KARACHI: With some changes, the smooth passage of Finance Bill 2026-27 and easing geopolitical tensions revived buying interest across-the-board in the final session of the short week due to Ashura holidays, snapping a three-session losing streak on Wednesday.
Key changes to the bill include the removal of duties on mineral water and hydration drinks, a sales tax exemption for local airlines importing or leasing aircraft, and an amended duty structure for electric cars and SUVs imported into the country.
Ali Najib, Deputy Head of Trading at Arif Habib Ltd, said PSX witnessed strong buying interest, with the KSE-100 Index gaining 1,878 points, or 1.06 per cent, to close at 179,571.
Broad-based buying emerged across the market as investors positioned for further positive developments on the geopolitical front, expectations of another cut in domestic petroleum prices, and growing hopes for monetary easing.
Sentiment was further supported by the decline in T-bill yields at the auction, signalling the possibility of an interest rate cut in the upcoming SBP’s Monetary Policy Committee’s meeting on July 27, amid falling global oil prices and a softening inflation outlook.
On the index contribution front, United Bank, Lucky Cement, Service Industries, Pakistan Petroleum, Fauji Fertiliser, MCB Bank, Interloop Ltd, Engro Holdings, Maple Leaf Cement Factory and Chera Cement Company collectively added 1,175 points to the benchmark index.

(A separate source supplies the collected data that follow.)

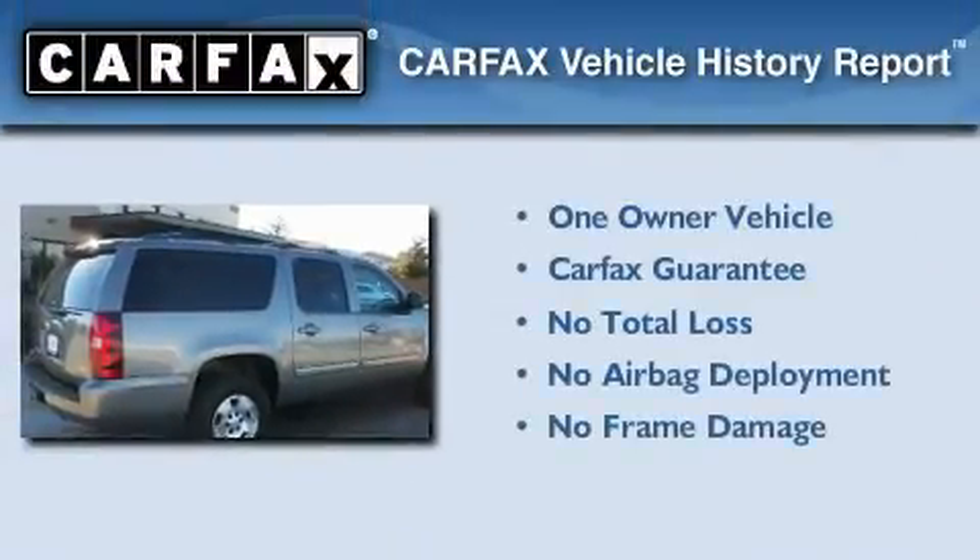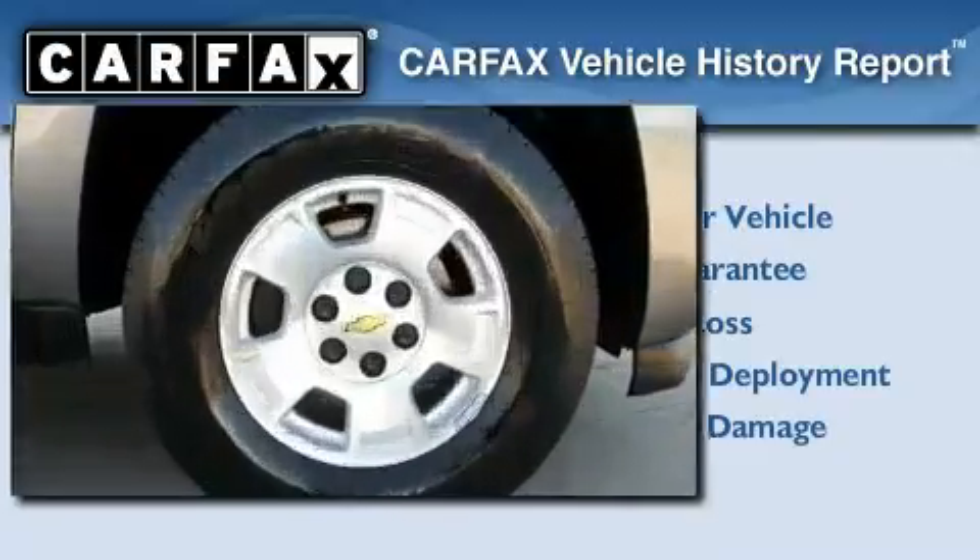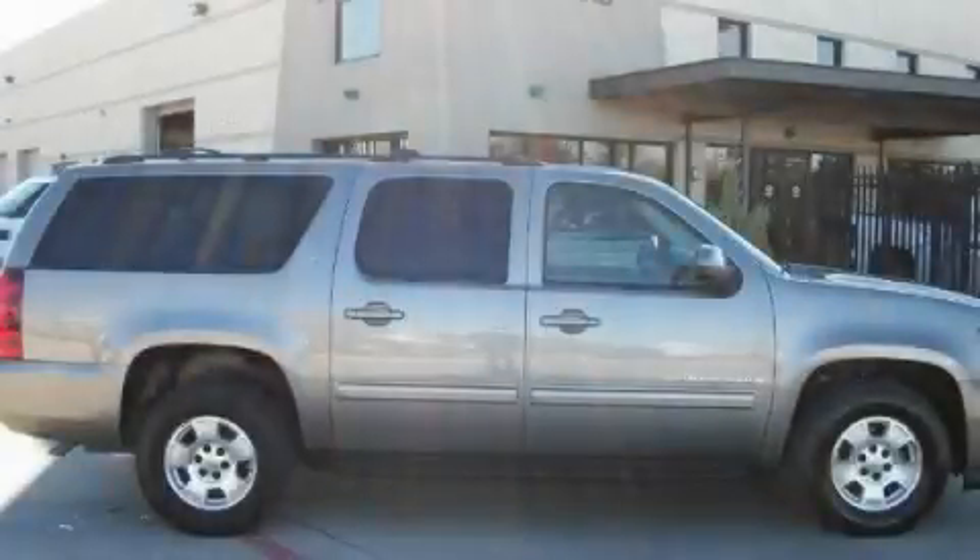This Chevrolet has had only one owner, and it qualifies for the Carfax Buy Back Guarantee. Contact us today to schedule your opportunity to see this automobile in person.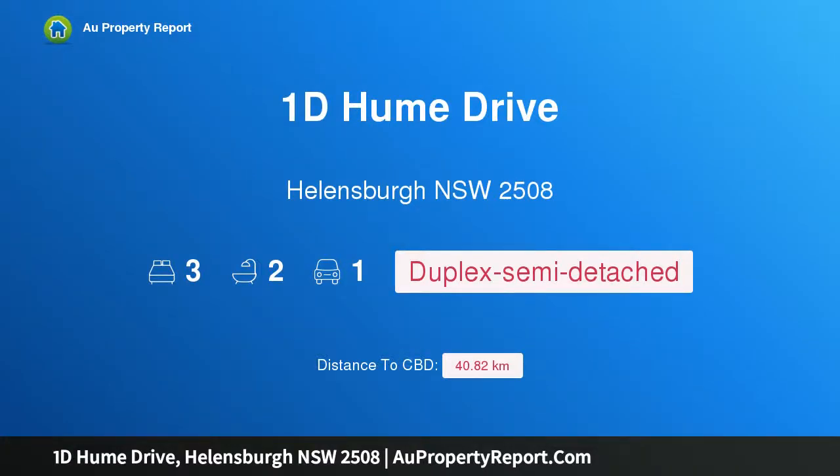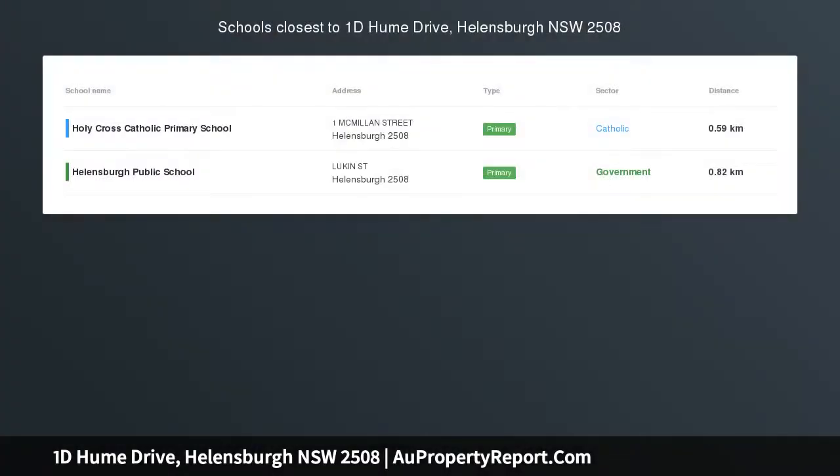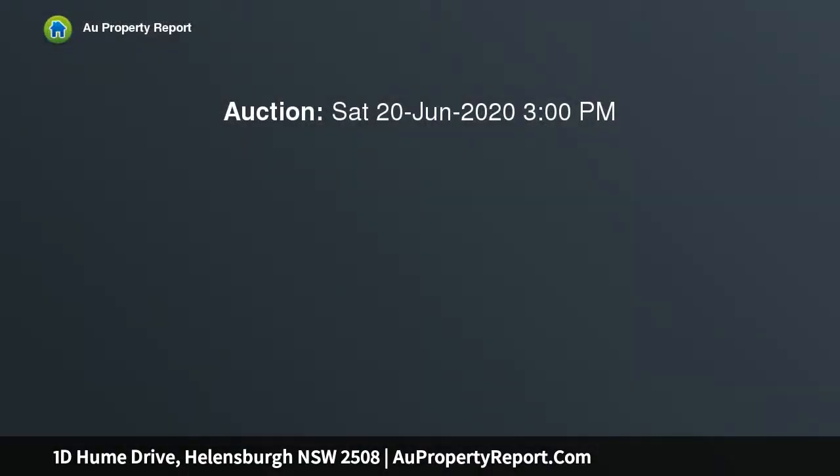Hi, I am glad to introduce property 1B Hill Drive, Hellensburg, New South Wales, 2508 — stylish and convenient living. This brand new Torrance title duplex offers stylish, low maintenance and convenient living in the heart of Hellensburg.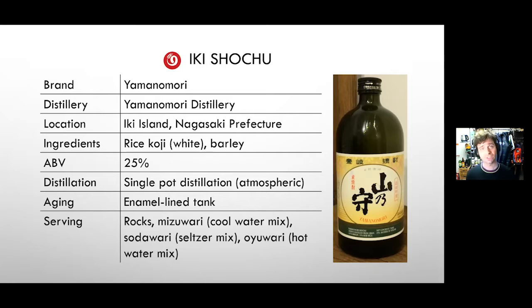This is atmospherically distilled — a much higher temperature distillation — and anything atmospheric gives deeper, nuttier flavors. With a grain, you get more attitude and a more complex aroma profile. This one can be consumed oyuwari — with hot water — which is my preferred way to enjoy shochu. I almost always start oyuwari to see how it works, and it works most of the time.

Market activity remained healthy, with traded volume up 11.26pc to 851 million shares and traded value up 13.93pc to R40.3bn. K-Electric led the volume chart with 83.4m shares traded.
Analysts believe that with oil prices declining and expectations of policy rate cut growing, investor sentiment is poised to stay optimistic. Nonetheless, the longevity of this rally will hinge on upcoming inflation reports, SBP policy indications, and ongoing improvements in geopolitical situations.